Greek actors seek divorce from reality

Reuters columnist James Saft's article Greek actors seek divorce from reality is an excellent summation of the current state of the Greek mess.
Greece, shut out of the capital markets, needs money, and soon, and is willing to play along with the fiction that the next tranche of aid, perhaps 90 billion euros, from the European Union, International Monetary Fund and ECB will buy them enough time.

The ECB, which is up to its eyeballs in exposure to Greek debt, steadfastly maintains that it won’t countenance a soft restructuring, or default, presumably because it fears this will be too much for it, the banks, and the global financial markets to bear.

Germany, however, is insisting on just that; it maintains that the private sector will have to bear some of the costs, and while there is much discussion about “soft” restructurings featuring debt repayment extensions, no one has credibly explained how the private sector can take its lumps without it being considered a default.

The ECB has perhaps 40-50 billion euros’ worth of Greek bonds on its balance sheet, and has lent about another 90 billion or so to Greek banks. It has threatened, in the event of a restructuring, to stop accepting Greek debt as collateral, a move that would be tantamount to cratering the entire Greek banking system at once. This would also deal sharp losses to the many euro zone national central banks which are exposed, potentially causing some to need additional capital.

By destroying the Greek bank sector, the ECB would, quite possibly, effect the exit of Greece from the euro zone. Depositors in Greek banks understand this, and have been withdrawing funds.

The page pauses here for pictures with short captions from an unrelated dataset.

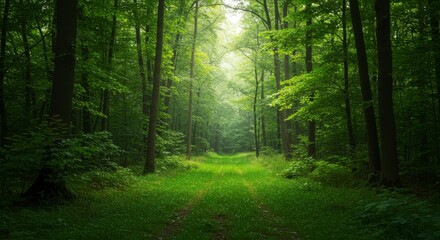 Obraz premium Lush green forest path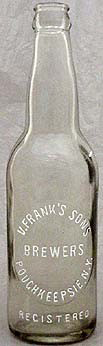 V. FRANK'S SONS BREWERS EMBOSSED BEER BOTTLE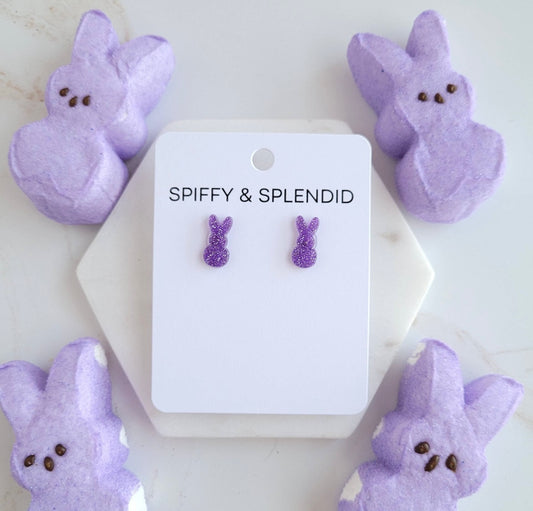 Glitter Bunny Studs in Purple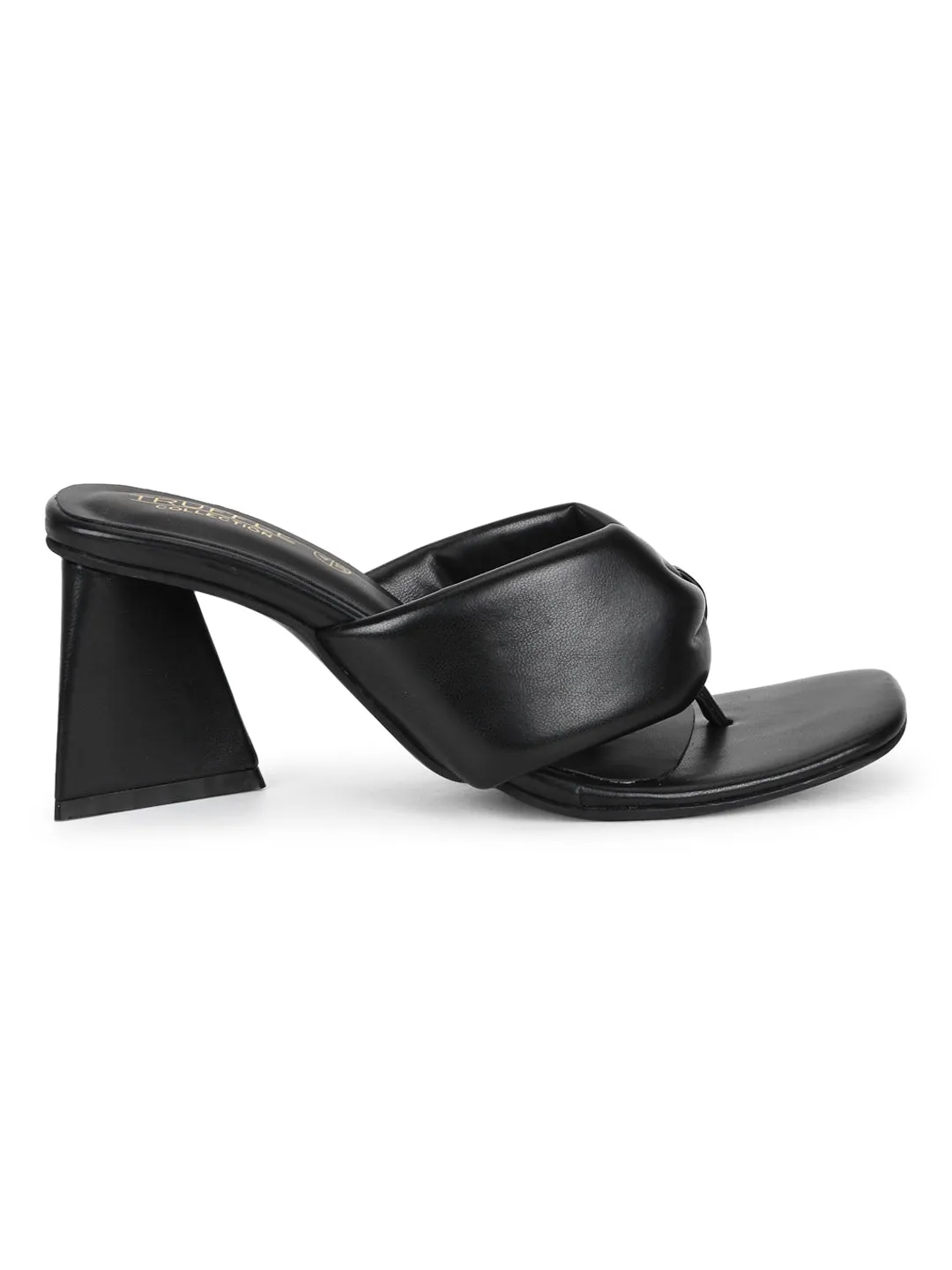 Black PU Triangular Block Heel Mules (TC-SLC-B-75-BLK)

Given all of this, it seems likely that the ECB will relent, though in doing so they will seriously impair their credibility. And of course, as soon as Greece defaults, the eyes of the market would immediately turn to Portugal, Ireland and even Spain.

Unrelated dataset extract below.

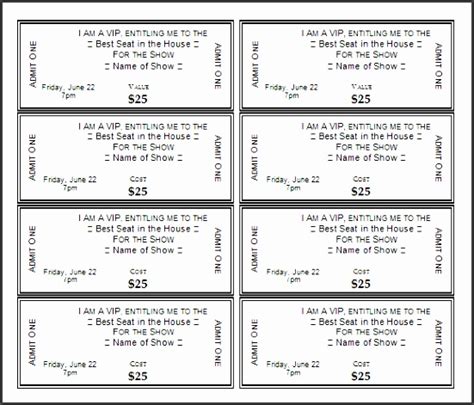 Ticket Templates For Microsoft Word Renewsurf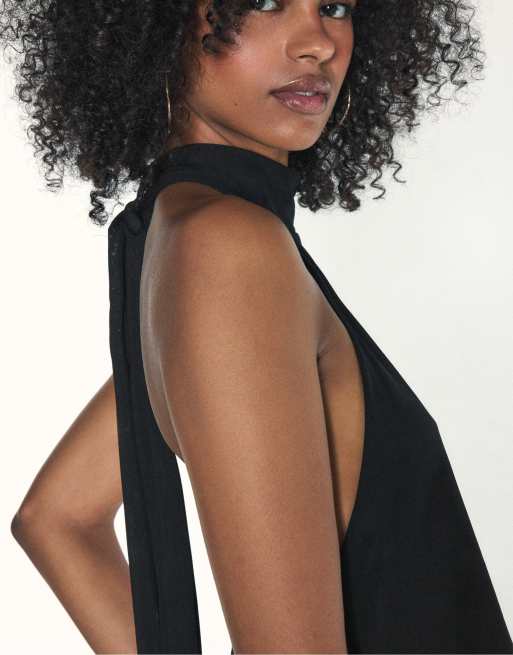 Stradivarius Printed tulle halter scarf top in black, 5 of 7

Rather than figuring out how to keep Greece upright without knocking over the banks, they would have been far better off figuring out how to actually make the banking system solvent and sound given Greek insolvency. That would involve huge private sector losses, inevitably, but might just have laid the groundwork for sustainable growth.

Instead we will have a sinking euro and waves of deflationary force coming out of Europe.